Each circuit system block in the chain (except perhaps the energy source itself) has a unique set of constraints that have hampered its commercial viability to date. Low-cost and low-power sensors and microcontrollers have been available for several years; however, ultra-low-power transceivers have only recently become commercially available. However, the laggard in the chain has been energy harvesters.

Existing implementations of power manager modules often use low-performance discrete structures, often including 30 or more components. Such designs have low conversion efficiency and high quiescent current. Both of these deficiencies result in performance losses in the end system. Low conversion efficiency increases the time required to power up the system, which in turn increases the time interval from taking a sensor reading to transmitting that data. High quiescent current limits how low the energy harvesting source can go, because it must first exceed the current level required for its own operation before it can provide any excess power to the output.

New piezoelectric energy harvester

Until now, what has been lacking is a highly integrated, high efficiency DC/DC step-down converter with a low loss full-wave bridge rectifier that can harvest and manage piezoelectric energy from vibration or strain sources. Recently, Linear Technology's new LTC3588-1 piezoelectric energy harvesting power supply has greatly simplified the task of harvesting surplus energy from such sources.

Figure 2: The LTC3588-1 circuit converts a vibration or strain source into an electric current.

The circuit shown in Figure 2 uses a small piezoelectric transducer to convert mechanical vibrations into an AC voltage supply to feed the internal bridge rectifier of the LTC3588-1. It can harvest small vibration energy sources and generate system power without using traditional battery power.

The LTC3588-1 is an ultralow quiescent current power supply designed for energy harvesting and/or low current step-down applications. The device connects directly to a piezoelectric source or AC source, corrects the voltage waveform and stores the harvested energy on an external capacitor, bleeds off any excess power through an internal shunt regulator and maintains a regulated output voltage with the help of a nanopower high efficiency step-down regulator.

The LTC3588-1's internal full-wave bridge rectifier is accessible via two differential inputs, PZ1 and PZ2, which rectify the AC input.

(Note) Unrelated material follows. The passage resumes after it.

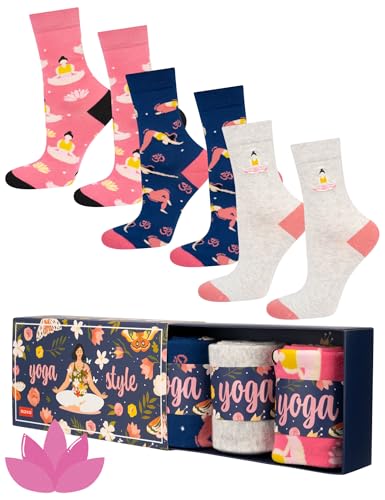 soxo Yoga Calcetines Mujer Divertidos Algodon Socks Regalos Originales Regalo Para Ella 35-40 3 Pares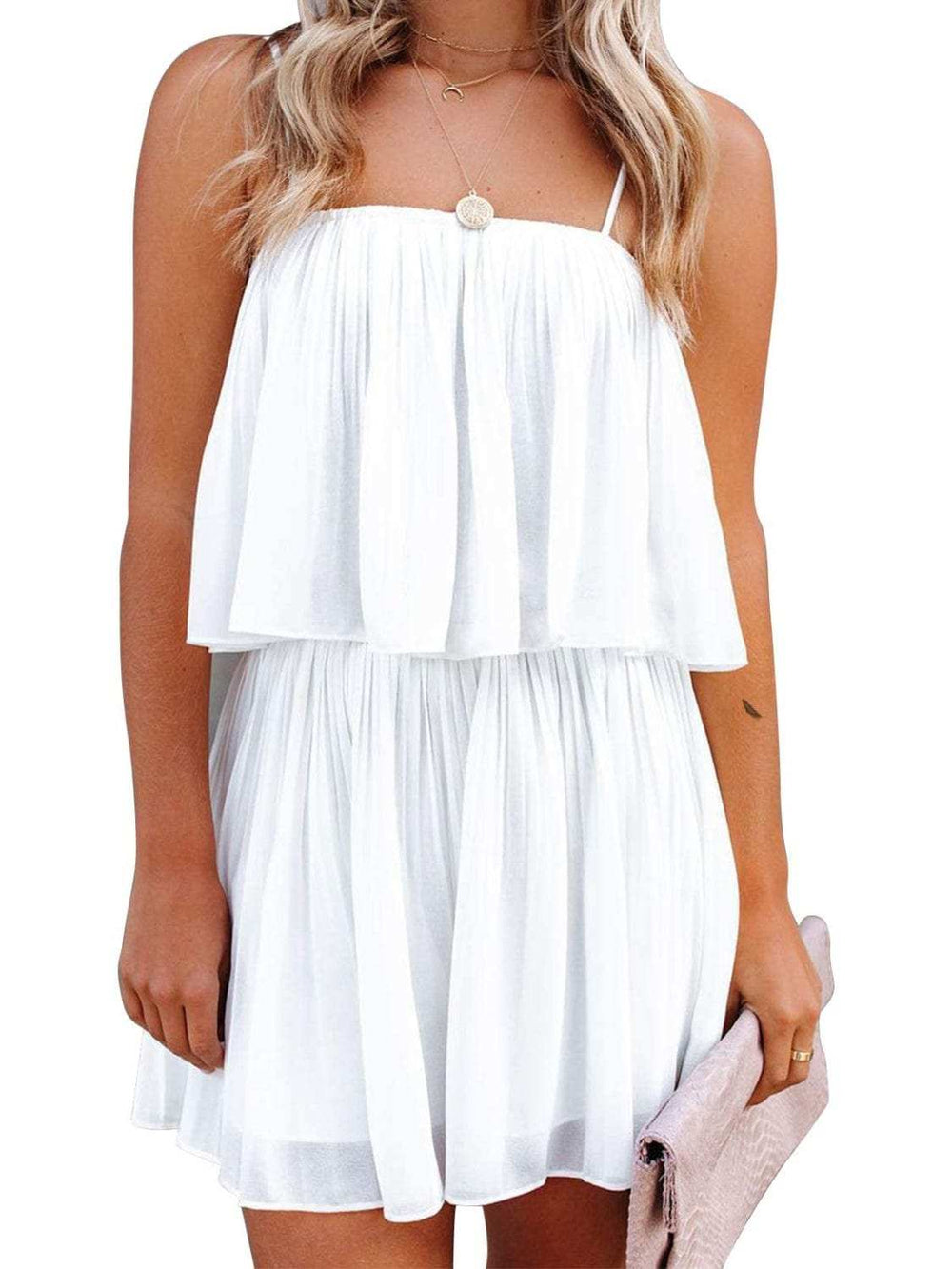 Ruched Spaghetti Strap Romper - Trendsi - Flyclothing LLC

The rectified output is then stored on a capacitor at the VIN pin and can be used as an energy reservoir for the buck converter. The low-loss bridge rectifier has a total voltage drop of about 400mV and a typical piezoelectric generation current of about 10μA. The bridge is capable of delivering up to 50mA. When there is sufficient voltage at the VIN pin, the buck converter is enabled to produce a regulated output.

The buck regulator uses a hysteretic voltage algorithm to control the output through internal feedback from the VOUT sense pin. The buck converter charges an output capacitor through an inductor to a value slightly above the regulation point. It accomplishes this task by ramping the inductor current up to 260mA with an internal PMOS switch and then ramping the inductor current down to zero with an internal NMOS switch, effectively delivering energy to the output capacitor. Its hysteretic method of providing a regulated output reduces losses caused by FET switching and maintains an output under light load conditions. The buck converter provides a minimum average load current of 100mA while it is switching.

Conclusion

Designing efficient energy harvesting systems such as the one shown in Figure 1 has been difficult due to a global shortage of people with expertise in analog switch-mode power supply design. However, this is about to change with the introduction of the LTC3588-1, a piezoelectric energy harvesting power supply with an integrated low-loss full-wave bridge rectifier. This revolutionary device is able to extract energy from virtually any source of mechanical vibration or strain. In addition, its comprehensive feature set and ease of design greatly simplify the difficult power conversion design in the energy harvesting chain. This is good news for system designers because these "useful vibrations" can be used to power their energy harvesting systems without having to struggle with traditional configuration challenges.